(Stored items)
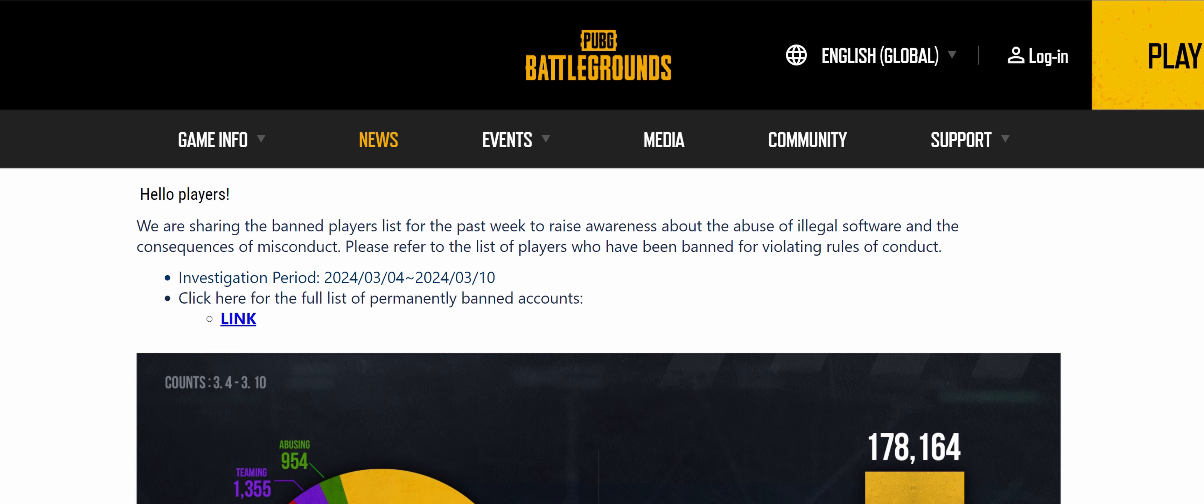To raise awareness about the abuse of illegal software and the consequences of misconduct. This is the investigation period of 2024-03-04 till 2024-03-10. That is just in one week. Click here for the full list of the permanently banned accounts.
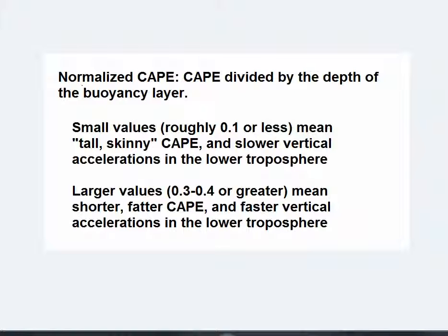Although normalized CAPE does have forecasting utility, really the best practice is to actually look at skew-Ts and get a real sense for the vertical structure of the troposphere.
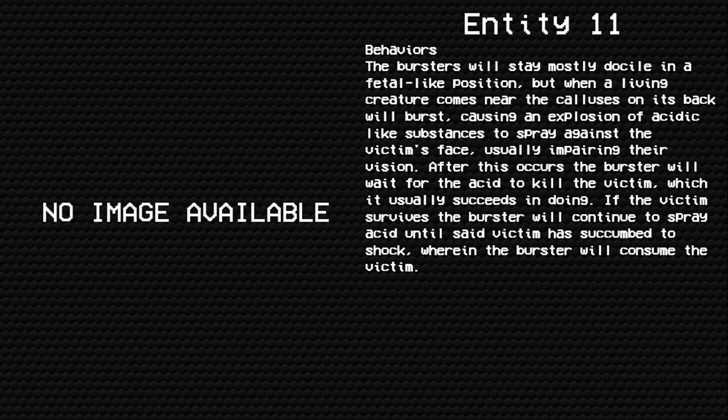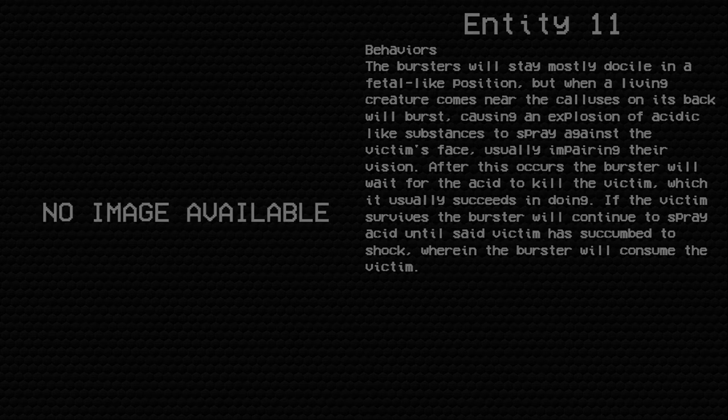After this occurs, the burster will wait for the acid to kill the victim, which it usually succeeds in doing. If the victim survives, the burster will continue to spray acid until said victim has succumbed to shock, wherein the burster will consume the victim.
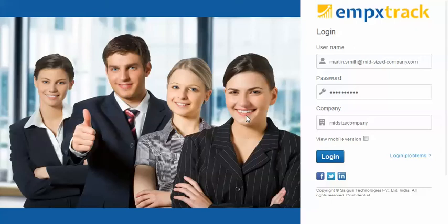Congratulations on completing the enrollment and trying out MPEX track. In this particular demo, we would be illustrating how to purchase the product and then how to set up the initial configurations.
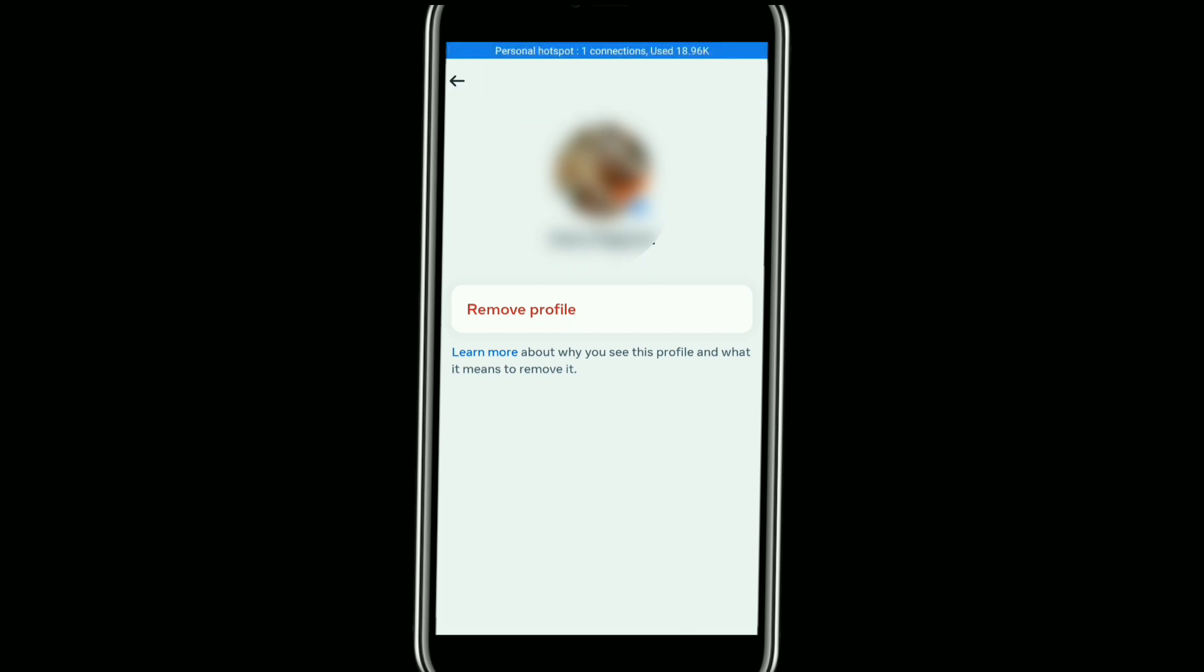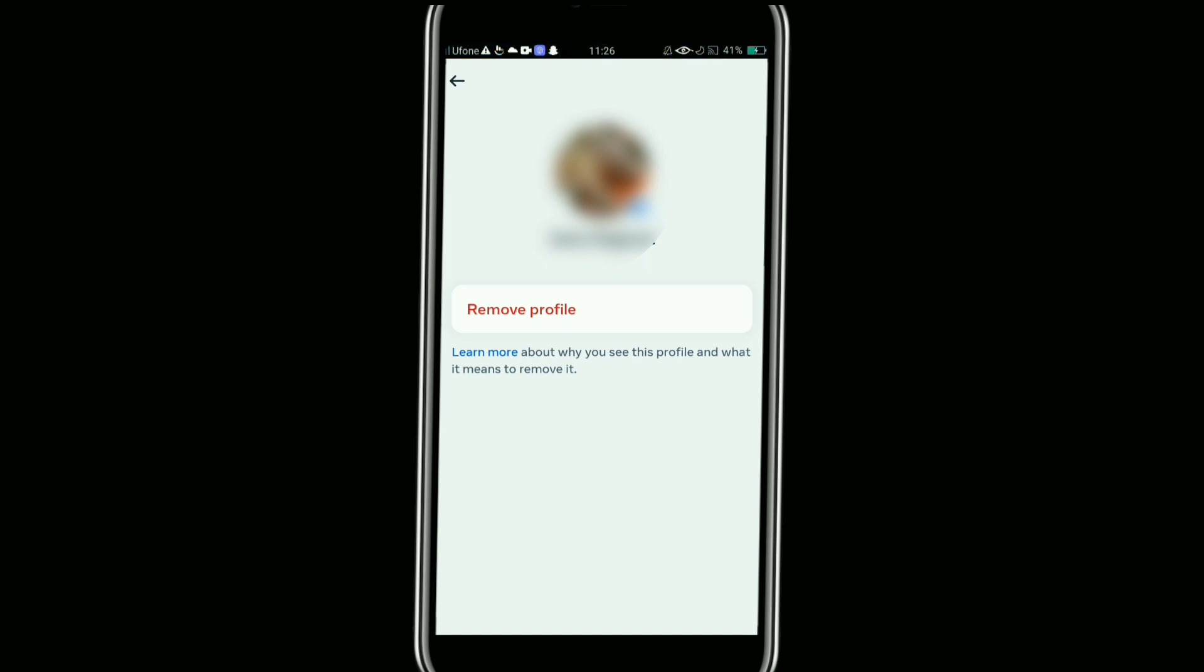Tap on remove profile option and then click on continue. Your account will be removed. So this was how to remove multiple accounts on Facebook.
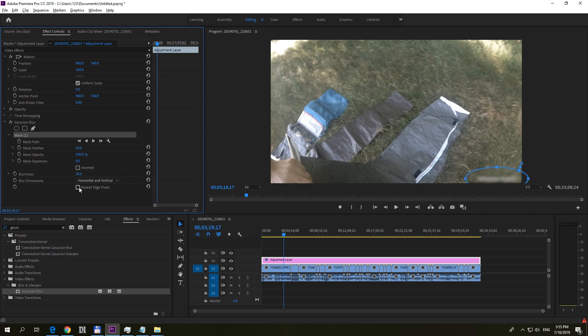The black can be eliminated with this Repeat Edge Pixels. Now it's not black, now it's black again. So check it.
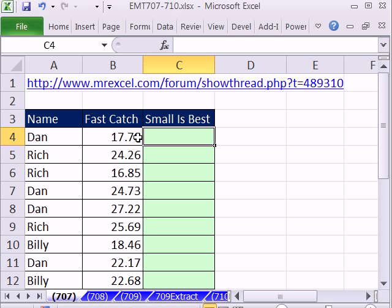In this trick, we have some competitors and their fast catch scores. Fast catch is an event in boomeranging — you've got to catch five times in a row as fast as you can, going out a minimum of 20 meters.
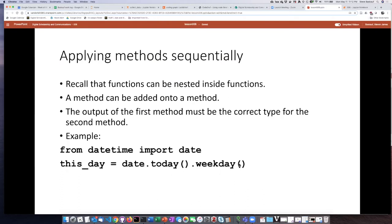As we talked about earlier, if you want, you can take a function and nest it inside of another function. In a similar manner, you can take a method and add it on to the end of another method.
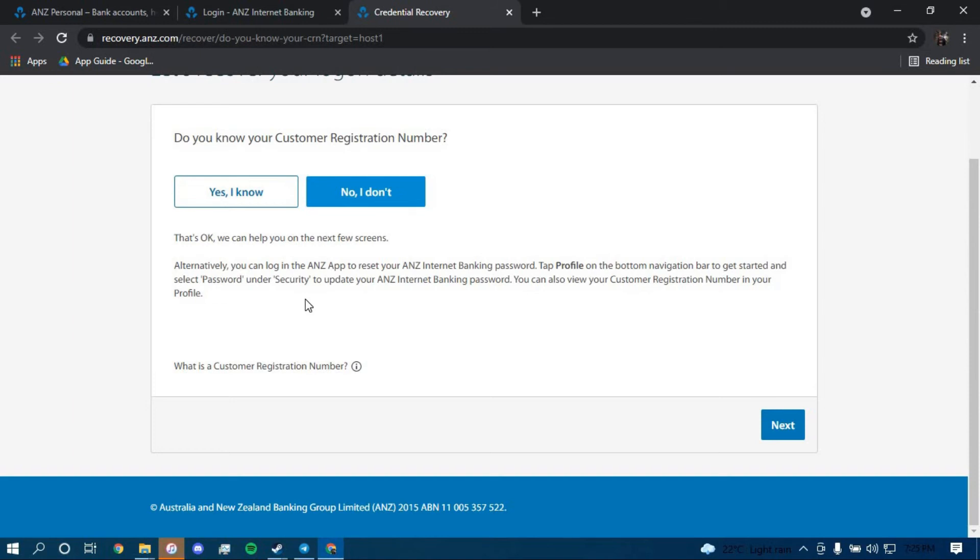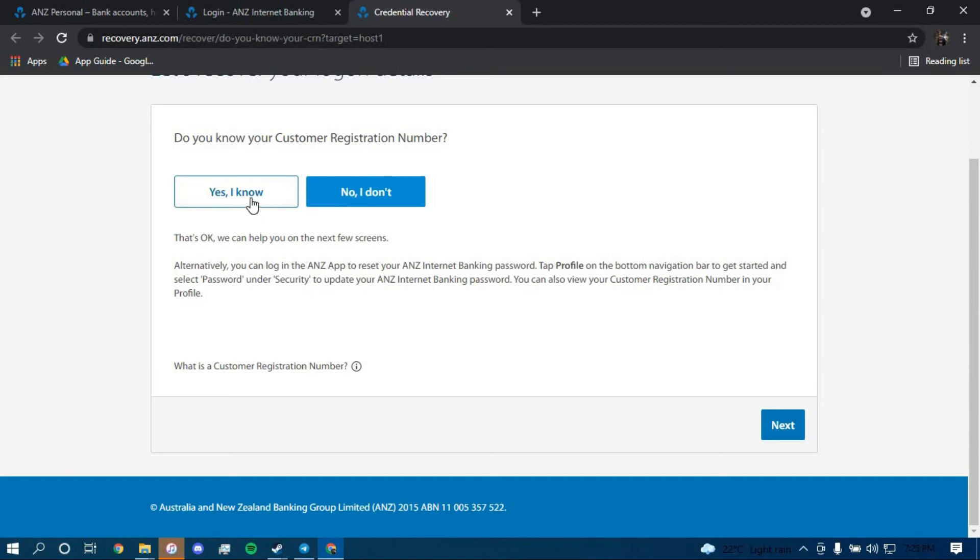Then you have to type in your Customer Registration Number here and then click on Next right here. Once you click on Next, you should be directed to another page where they'll further guide you on how you can reset your password.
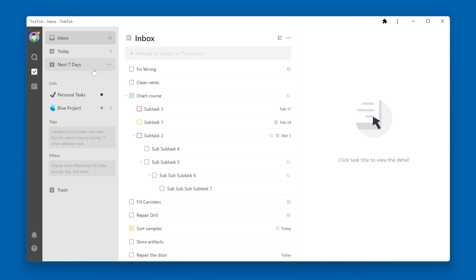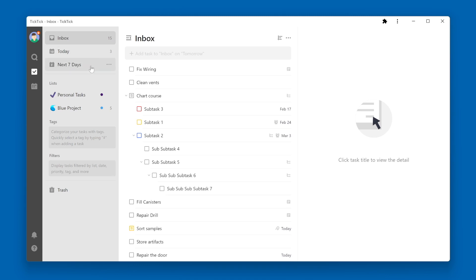Another example is down at the bottom of this pane called Trash. A smart list is basically a list that TickTick provides to you that's a filtered list. It has specific tasks or notes within that list. For example, the Today list is going to have tasks that are due today. The next 7 days are going to have tasks that are due within the next 7 days. And the Trash list is going to have tasks or notes that have been deleted.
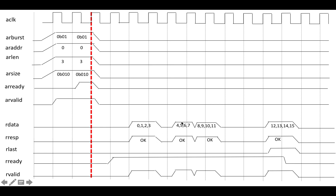Then after a short wait we get the second transfer — bytes 4, 5, 6, 7 — acknowledged at its clock edge. Then bytes 8, 9, 10, 11, and later 12, 13, 14, 15. Crucially, AR last is zero for the first three transfers because they are not the last transfer. But on the fourth transfer, AR last goes high, indicating this is the final transfer of the burst.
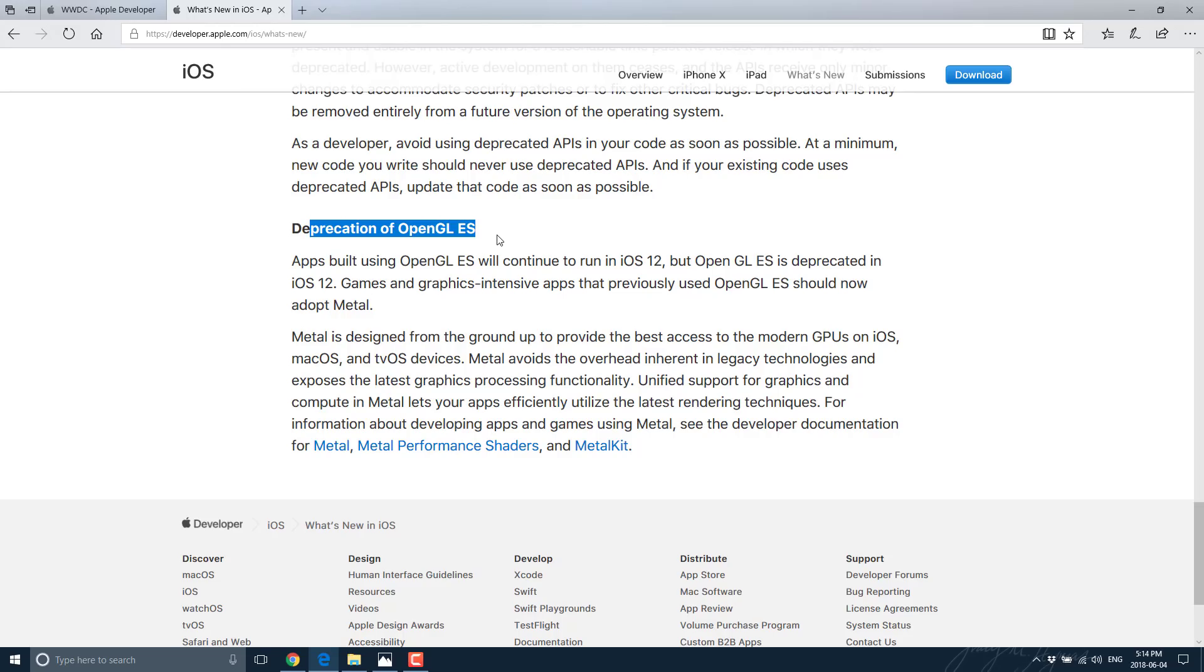there is a service out there that allows you to transpile Vulkan code to run on Metal. So it's not that huge of a deal. You'll have to use that little third-party piece in the middle. But it's definitely not a great, friendly kind of a change.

■ Task to carry out: Skip the pictures and give the entries above again word for word.

■ Written solution:
To raise awareness about the abuse of illegal software and the consequences of misconduct. This is the investigation period of 2024-03-04 till 2024-03-10. That is just in one week. Click here for the full list of the permanently banned accounts.
Although normalized CAPE does have forecasting utility, really the best practice is to actually look at skew-Ts and get a real sense for the vertical structure of the troposphere.
After this occurs, the burster will wait for the acid to kill the victim, which it usually succeeds in doing. If the victim survives, the burster will continue to spray acid until said victim has succumbed to shock, wherein the burster will consume the victim.
Congratulations on completing the enrollment and trying out MPEX track. In this particular demo, we would be illustrating how to purchase the product and then how to set up the initial configurations.
Tap on remove profile option and then click on continue. Your account will be removed. So this was how to remove multiple accounts on Facebook.
The black can be eliminated with this Repeat Edge Pixels. Now it's not black, now it's black again. So check it.
In this trick, we have some competitors and their fast catch scores. Fast catch is an event in boomeranging — you've got to catch five times in a row as fast as you can, going out a minimum of 20 meters.
As we talked about earlier, if you want, you can take a function and nest it inside of another function. In a similar manner, you can take a method and add it on to the end of another method.
Then you have to type in your Customer Registration Number here and then click on Next right here. Once you click on Next, you should be directed to another page where they'll further guide you on how you can reset your password.
Another example is down at the bottom of this pane called Trash. A smart list is basically a list that TickTick provides to you that's a filtered list. It has specific tasks or notes within that list. For example, the Today list is going to have tasks that are due today. The next 7 days are going to have tasks that are due within the next 7 days. And the Trash list is going to have tasks or notes that have been deleted.
Then after a short wait we get the second transfer — bytes 4, 5, 6, 7 — acknowledged at its clock edge. Then bytes 8, 9, 10, 11, and later 12, 13, 14, 15. Crucially, AR last is zero for the first three transfers because they are not the last transfer. But on the fourth transfer, AR last goes high, indicating this is the final transfer of the burst.
there is a service out there that allows you to transpile Vulkan code to run on Metal. So it's not that huge of a deal. You'll have to use that little third-party piece in the middle. But it's definitely not a great, friendly kind of a change.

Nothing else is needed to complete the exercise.